Real-World Example 3: Joining Collections with $lookup

In relational databases, joining tables is a standard practice. MongoDB supports a similar concept using the $lookup stage, which lets you join documents from different collections, such as linking orders with customers.

Let’s say you have:

  • An orders collection containing customerId fields

  • A customers collection containing detailed customer info

You want to enrich each order with the customer’s name and email.

Goal:

  • Join orders.customerId with customers.customerId

  • Merge matching customer data into each order

  • Optionally reshape the output

Aggregation Pipeline

db.orders.aggregate([
  {
    $lookup: {
      from: "customers",
      localField: "customerId",
      foreignField: "customerId",
      as: "customer"
    }
  },
  {
    $unwind: "$customer"
  },
  {
    $project: {
      orderId: 1,
      orderDate: 1,
      amount: 1,
      "customer.name": 1,
      "customer.email": 1
    }
  }
]);

Explanation

Stage Description
$lookup Joins each order with its matching customer using customerId
$unwind Converts the joined customer array into a flat object
$project Selects fields to include in the final result

Sample Output

{
  "orderId": "ORD001",
  "orderDate": "2024-12-10T10:15:00Z",
  "amount": 150.75,
  "customer": {
    "name": "Alice Johnson",
    "email": "[email protected]"
  }
}

This enriched result is useful for:

  • Generating full invoices

  • Displaying customer info in admin dashboards

  • Performing deeper analytics (e.g., customer lifetime value)

✅ Note: If multiple customers could share a customerId, you'd need to handle multiple results, but in most cases customerId is unique.


Real-World Example 4: Nested Data and $unwind

MongoDB allows arrays inside documents, which is great for flexibility, but analyzing or filtering items inside those arrays often requires flattening them. That’s where the $unwind stage becomes powerful.

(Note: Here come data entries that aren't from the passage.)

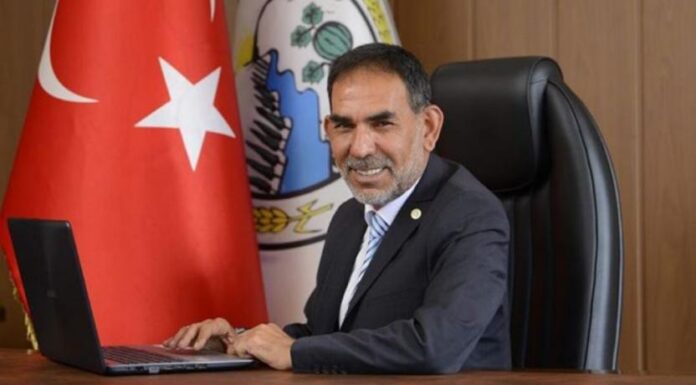 MHP’li Belediye Başkanı, kendini savunurken aldığı rüşveti itiraf etti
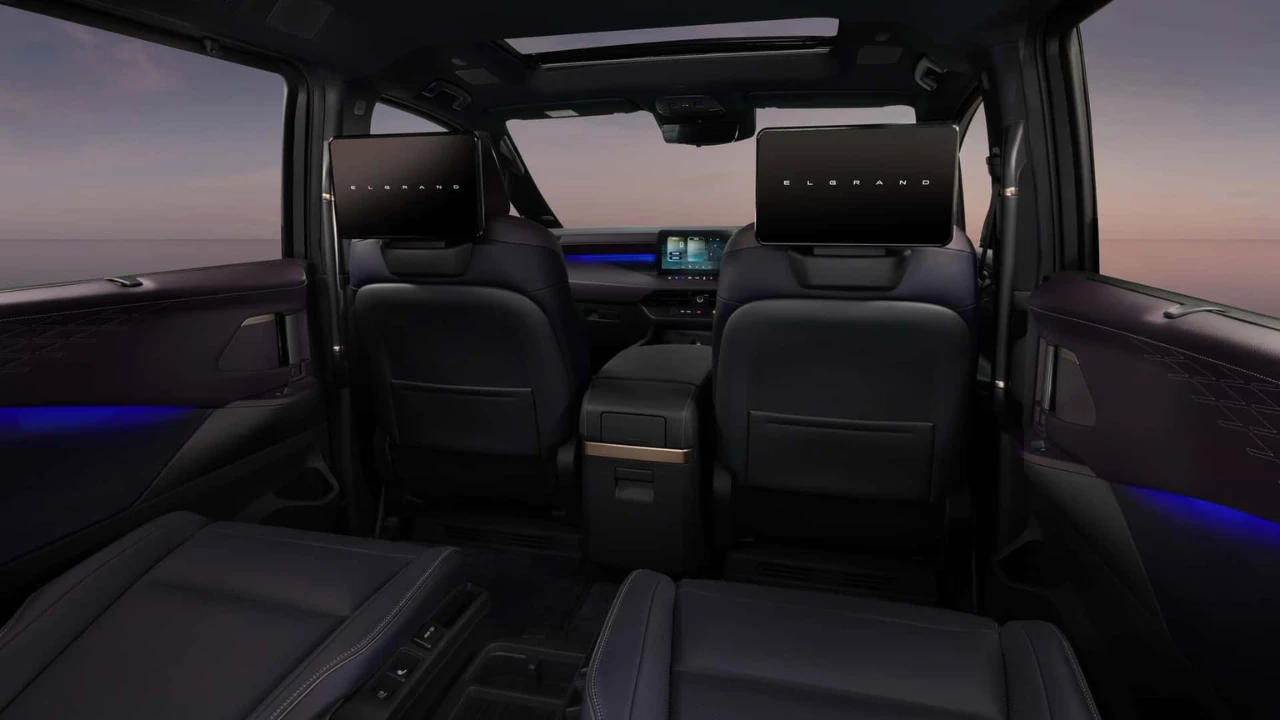 2026 Nissan Elgrand Achter Entertainment Systeem met Dubbele Schermen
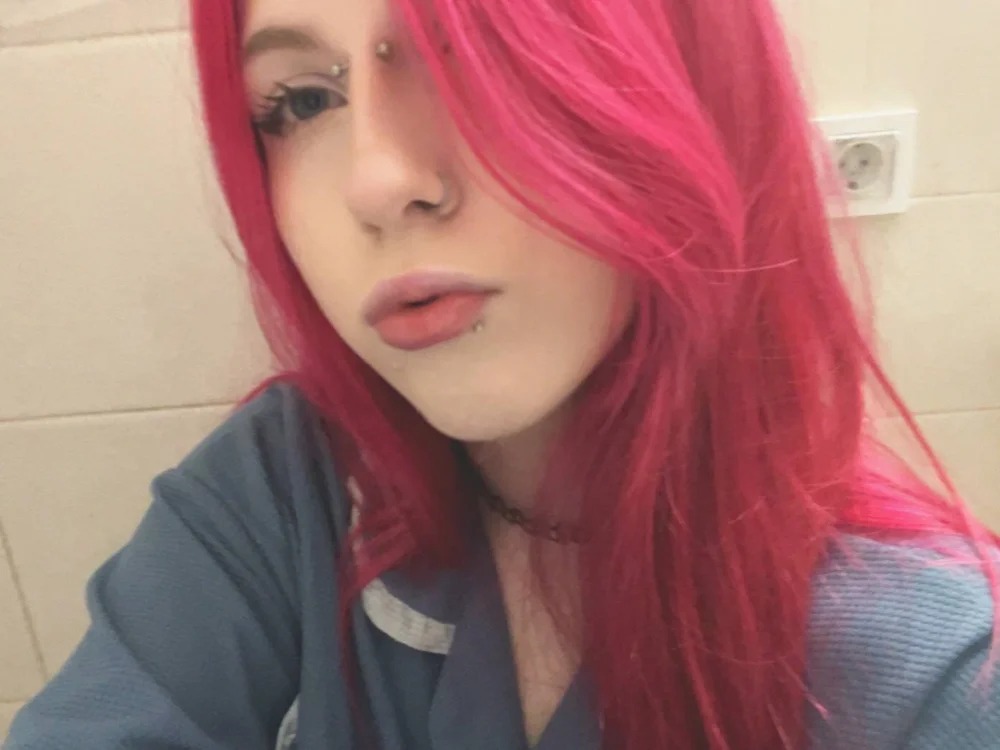 Lola_Ray_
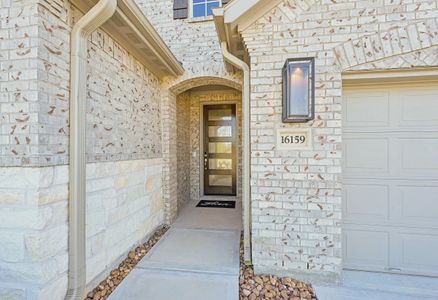 New construction Single-Family house 16159 Sheridan River Trl, Conroe, TX 77302 plan 4509 Elevation B - image 2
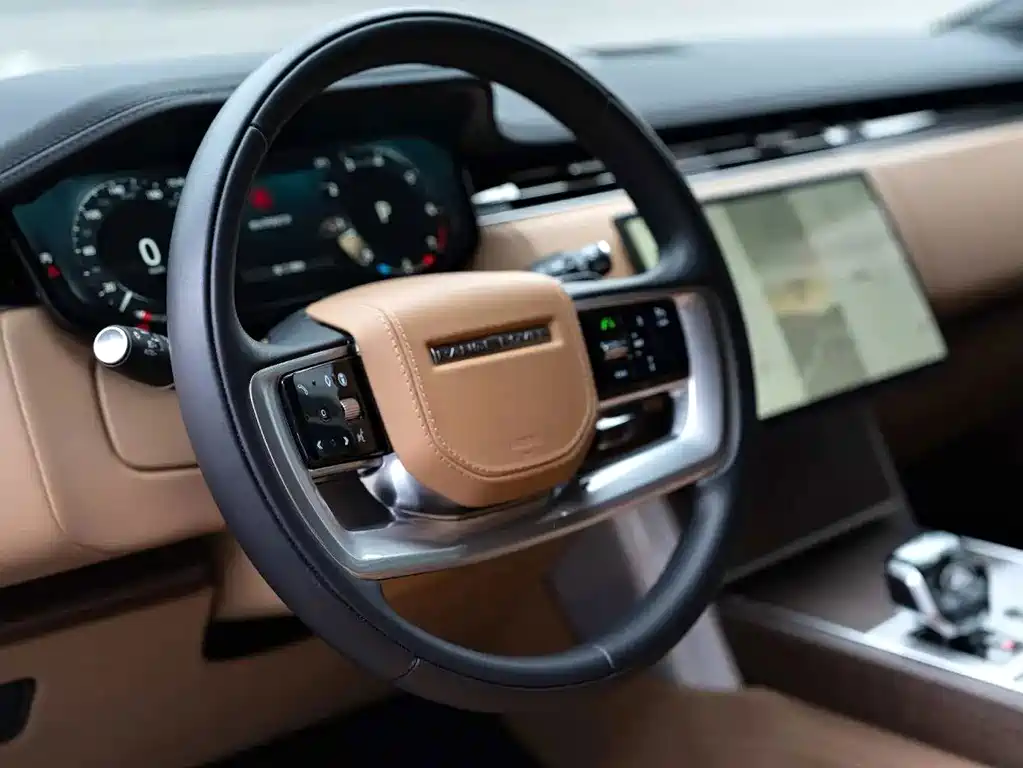 Land Rover Range Rover — миниатюра 4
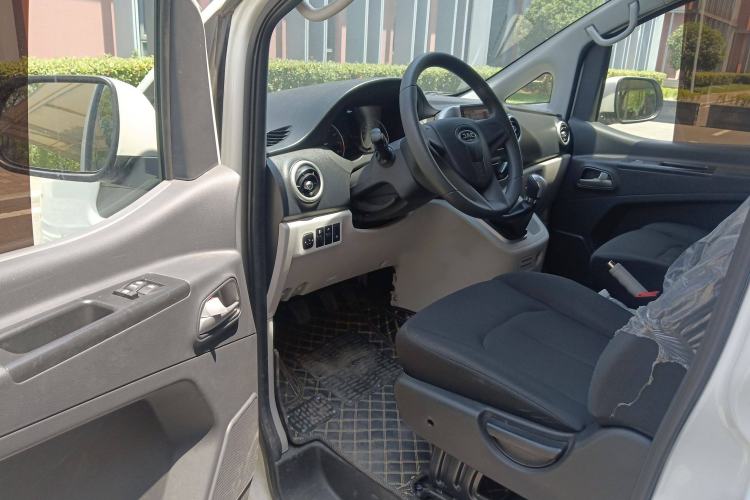 Used JAC Refine M3 2022 PLUS IKEA Edition 1.8L Comfort Version
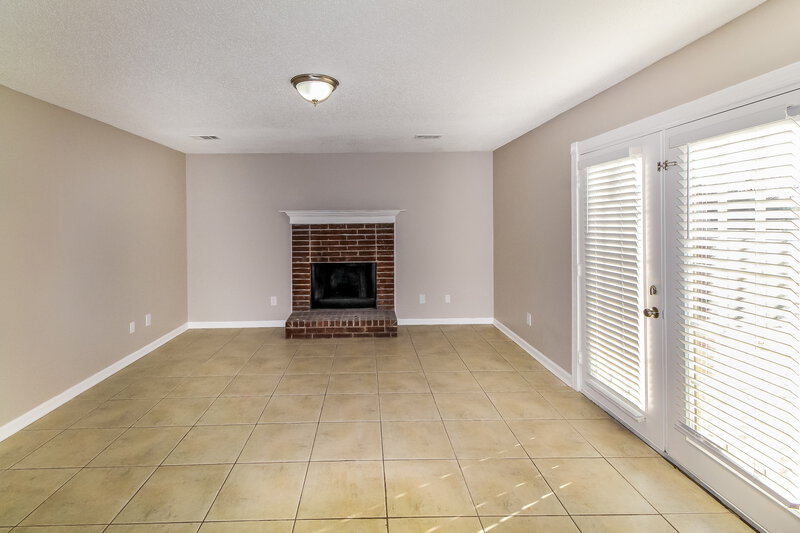 2,290/Mo, 7215 Londonderry Dr Southaven, MS 38671 Family Room View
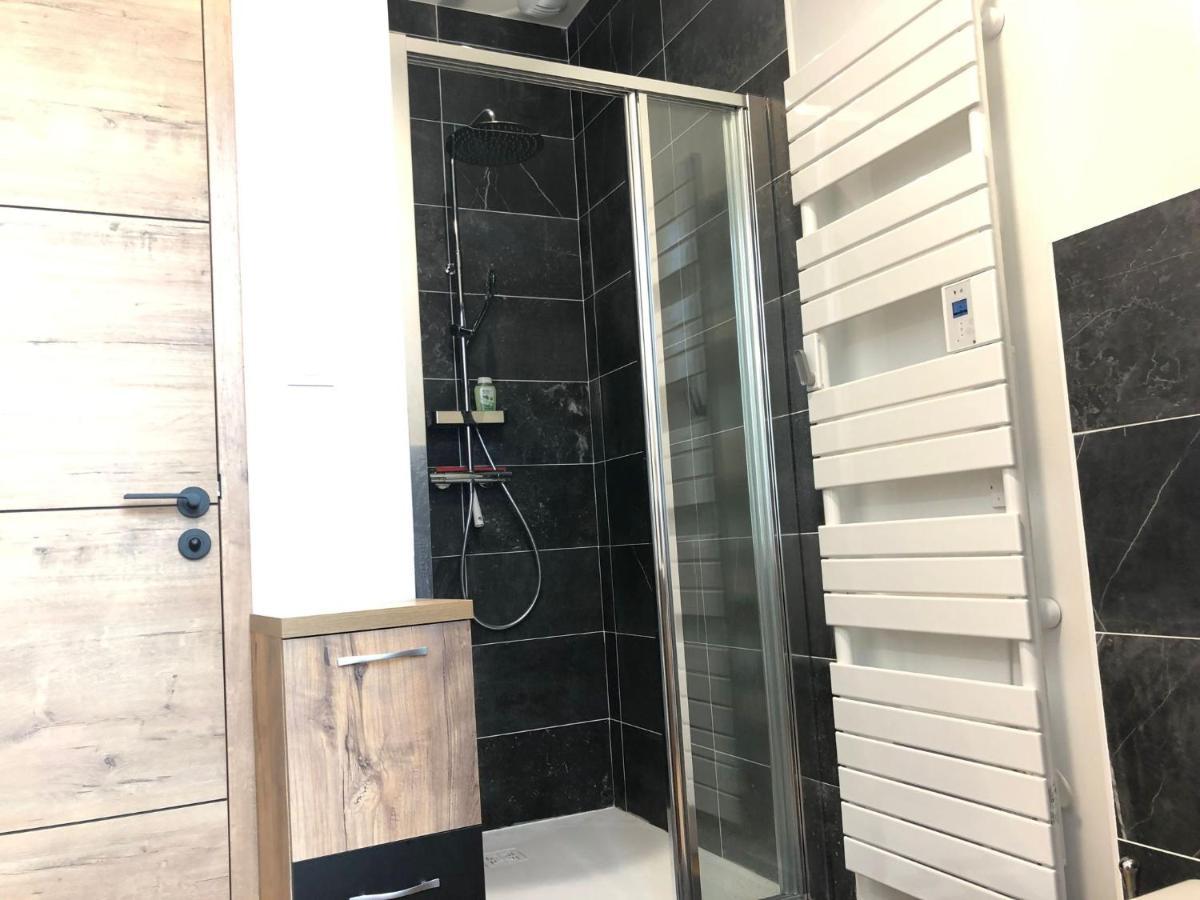 Monstera By Welk'home - Premium - Centre * Troyes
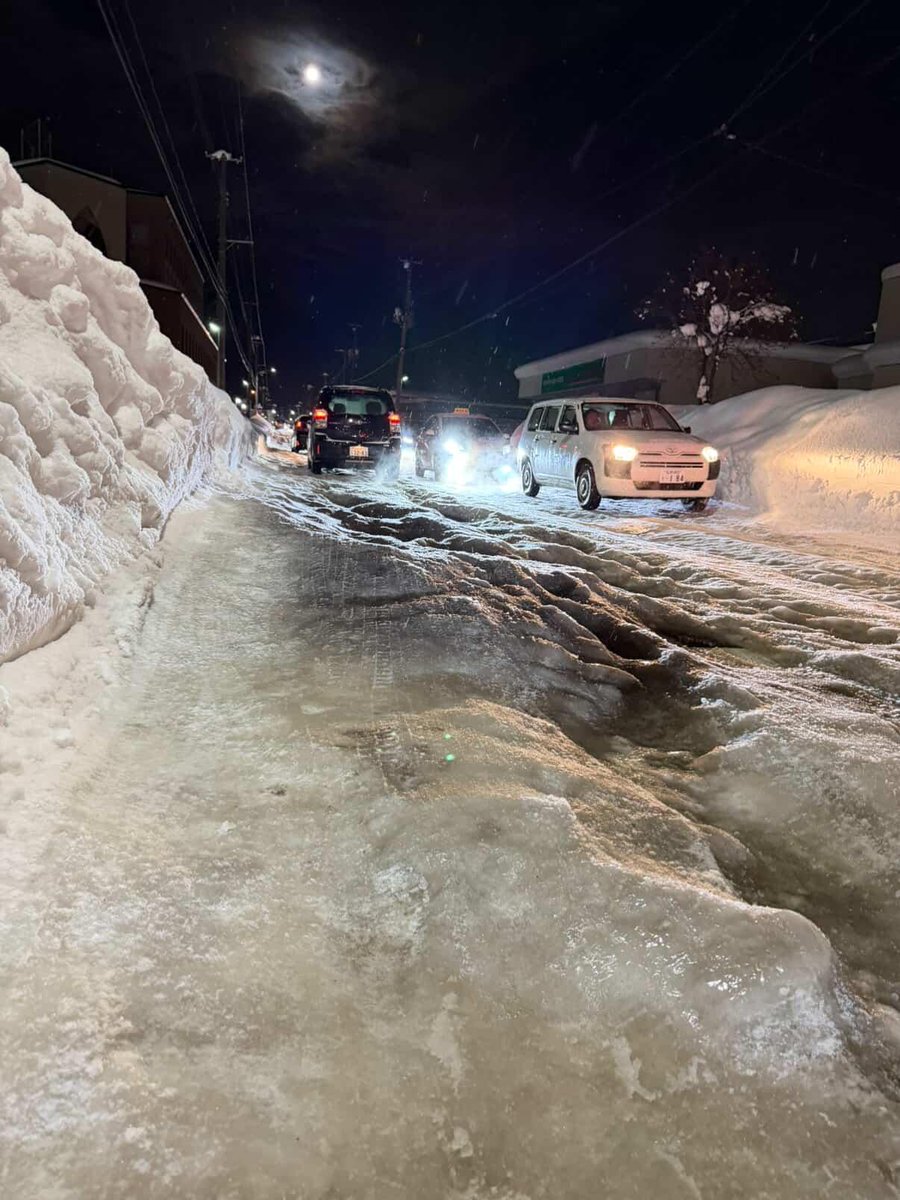 takenouchi3's tweet photo. 排雪が必要なのに、動けない状況を打破するために
※ご批判覚悟の上です。　
政治に携わる者として、沈黙していては良くないとの思いです。

現在の豪雪災害により、市内の道路状況は極めて厳しく、渋滞も大変な状況です。

現場からは「排雪が必要なのに、渋滞で排雪ダンプが動けず、排雪そのものが進まない」という切実な相談も届いています。

排雪を必要としているのに、排雪できない。
この状況を何としても打破しなければならないと考えています。

私は今回の状況を、災害としての緊急局面と捉え、緊急的にでも排雪オペレーションを最大化できるよう、運用の見直しが必要だと思っています。ただ、道路規制にも限界がある以上、こういう時こそ
「市民力」を結集できないか。

例えば、あくまでお願いベースにはなりますが、
「◯月◯日◯時〜◯時は◯◯エリアを重点的に排雪するため、可能な限り通行を控えてください」
といった重点排雪時間帯の周知や、
可能な方には在宅勤務・外出抑制への協力を呼びかけるなど、交通量そのものを一時的に減らし、排雪車両が動ける環境をつくる発信も、緊急対応として検討に値すると感じています。

また、夜間の雪置き場（排雪場所）が閉鎖されている状況についても、災害対応としての運用を見直す余地があると思います。
※夜間解放に関して、着手しようという情報も聞いていました。

経済活動への影響も無視できません。
しかし、今の渋滞と道路状況では、そもそもの経済活動が大きく低下しています。だからこそ第一優先は、交通インフラ（道路機能）の回復だと考えます。

最後に、市政に携わる一員として、日々の暮らしが成り立たないほどのご負担をおかけしている現状について、心よりお詫び申し上げます。
引き続き、現場の声を集め、行政とも連携しながら、少しでも状況が改善するよう汗をかいていきます。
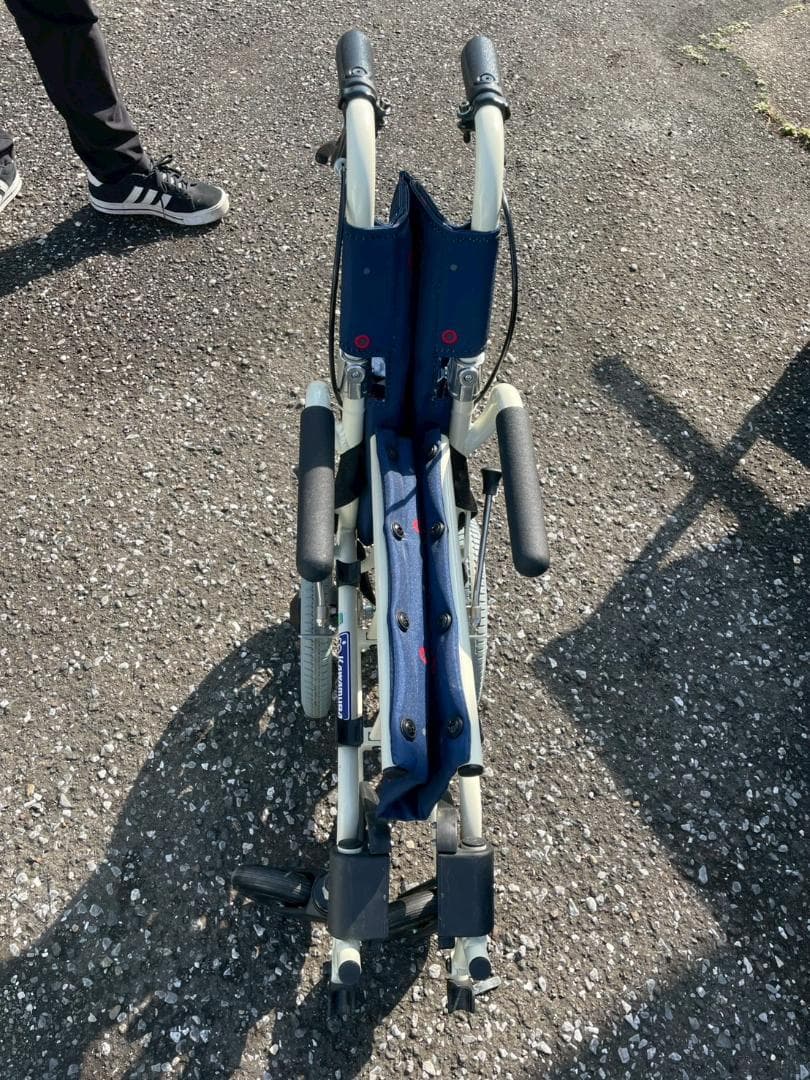 A◆カワムラサイクル　コンパクト　車椅子　ノーパンクタイヤ　旅ぐるま　KA6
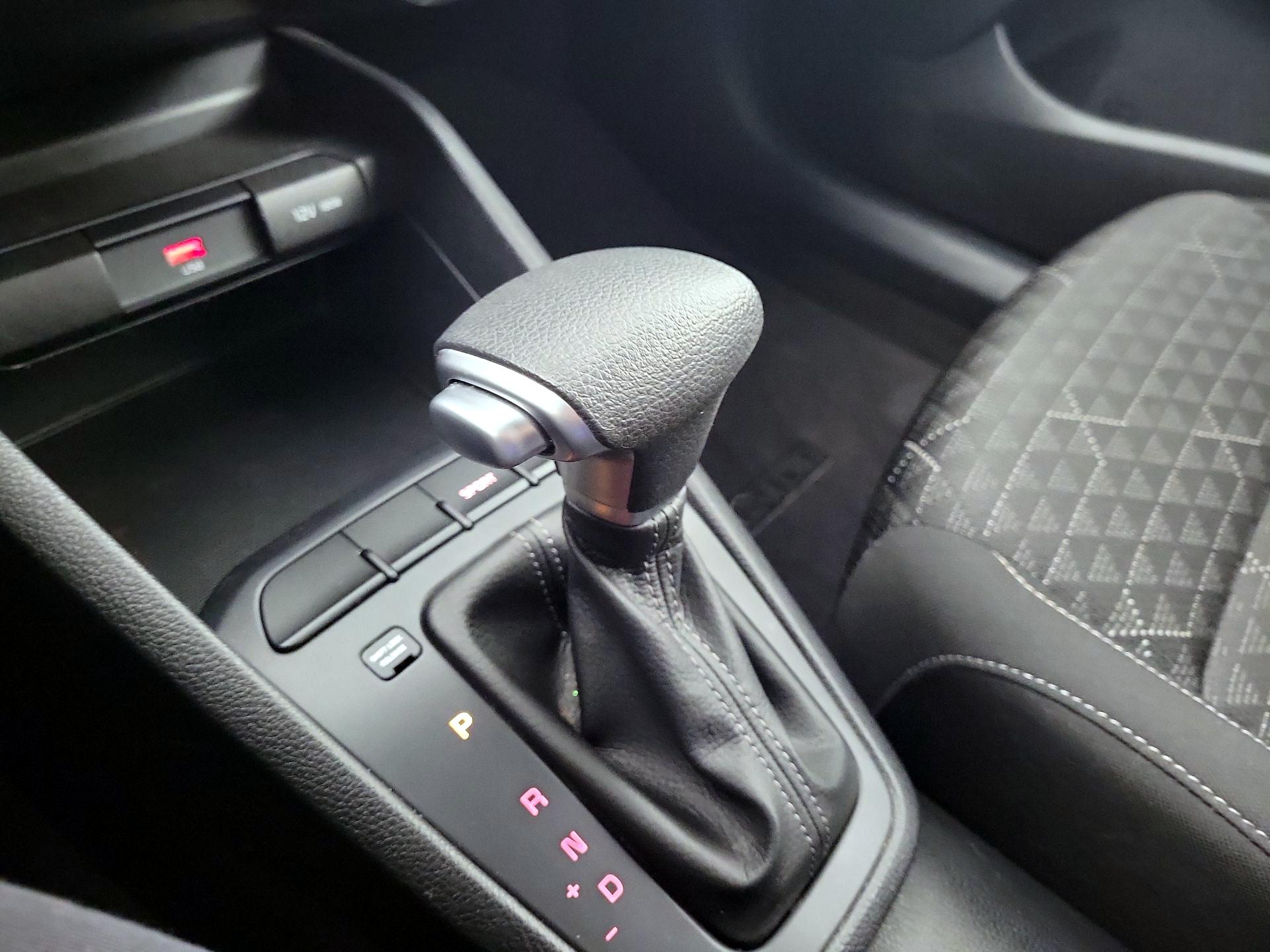 Thumbnail: 2022 Kia Rio - 15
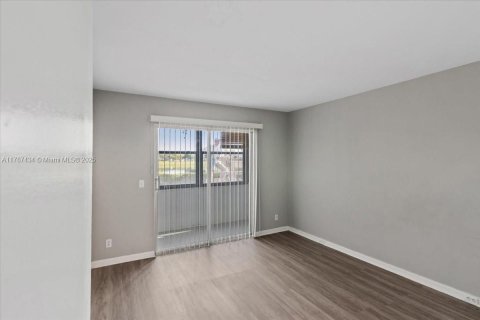 Condominio en venta en Pembroke Pines, Florida, 2 dormitorios, 86.68 m2 № 1704171 - foto 17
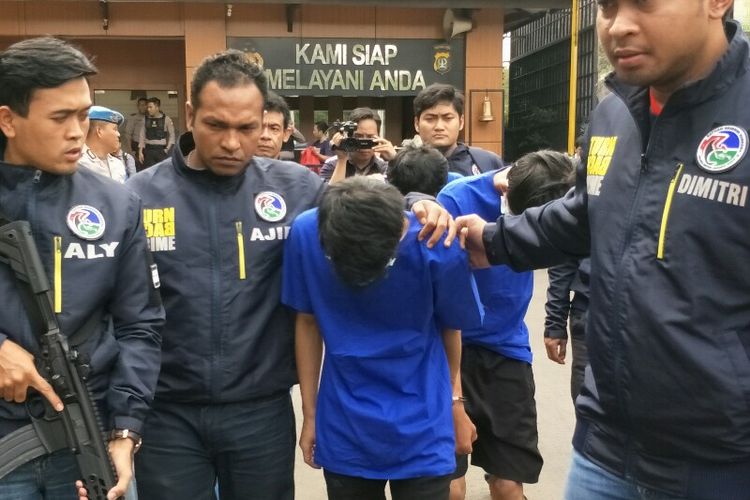 Polsek Kembangan mengungkap kasus peredaran narkoba di wilayah salah satu sekolah Jakarta Barat pada Selasa (15/1/2019) di Mapolres Metro Jakarta Barat.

Let’s say your orders collection includes an items array, where each item represents a product with a productId, quantity, and price.

Goal:

  • Break each item in the items array into its own document

  • Analyze product performance (e.g., total quantity sold per product)

Aggregation Pipeline

db.orders.aggregate([
  { $unwind: "$items" },
  {
    $group: {
      _id: "$items.productId",
      totalQuantity: { $sum: "$items.quantity" },
      totalRevenue: { $sum: { $multiply: ["$items.quantity", "$items.price"] } }
    }
  },
  { $sort: { totalRevenue: -1 } }
]);

Explanation

Stage Description
$unwind Deconstructs the items array so each item becomes a separate document
$group Aggregates quantity and revenue by productId
$sort Orders the result by total revenue (highest to lowest)

Sample Output

[
  {
    "_id": "PROD005",
    "totalQuantity": 120,
    "totalRevenue": 10920.00
  },
  {
    "_id": "PROD003",
    "totalQuantity": 88,
    "totalRevenue": 7920.00
  }
]

This kind of analysis is essential for:

  • Inventory planning

  • Identifying best-selling products

  • Revenue breakdowns by product

🧠 Tip: You can also apply $match after $unwind to analyze specific product categories or apply date filters.


Advanced Aggregation Tips

As you build more complex pipelines, MongoDB provides advanced operators and stages to handle multi-dimensional queries, conditional logic, and performance optimizations.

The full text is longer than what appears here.